Prove $f(x) \in f(A) \implies x \in A$ if $f$ is injective and $b \in B \implies f^{-1}(b) \in f^{-1}(B)$ if $f$ is surjective

Question

Let $f: X \to Y$ a function. Let $A \subseteq X, \ B \subseteq Y.$

Prove $f(x) \in f(A) \implies x \in A$ if $f$ is injective and $b \in B \implies f^{-1}(b) \in f^{-1}(B)$ if $f$ is surjective.

Proof:

• Suppose $x_1 \in A, \ x_2 \in X – A$ s.t. $x_1 \ne x_2$. By definition of $f$ we have $f(x_1), f(x_2) \in f(A)$ and since $f$ is injective $f(x_1) \ne f(x_2).$ This shows(?) every element in $f(A)$ has a preimage in $A$?

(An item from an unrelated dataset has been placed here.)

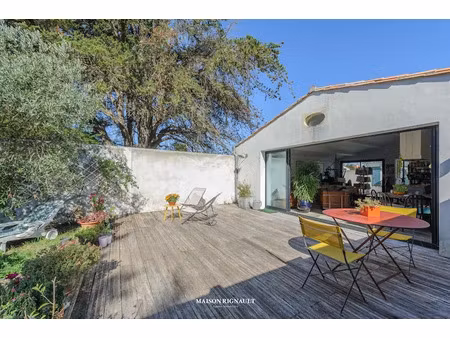 vente maison 5 pièces 125 m² à la couarde-sur-mer (17670)  895 000 €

• Suppose $f$ is surjective. Then for any $b \in B$, there's $x \in X$. Since $f^{-1}(B) \subseteq X$, every element in $B$ must have a preimage in $f^{-1}(B).$

Does the proof above make sense? If not, what can I change to fix it? Is there a better way? Thanks.

Answer 1

Assume that $f(x) \in f(A)$. By definition there exists an $a\in A$ such that $f(x)=f(a)$. If $f$ is injective, we conclude that $x=a$ and thus $x\in A$.

For the second statement, assume that $b\in B$ and assume that $f$ is bijective (otherwise $f^{-1}$ is not defined). Note that $f(f^{-1}(b))=b\in B$. It follows that $f^{-1}(b)\in f^{-1}(B)$.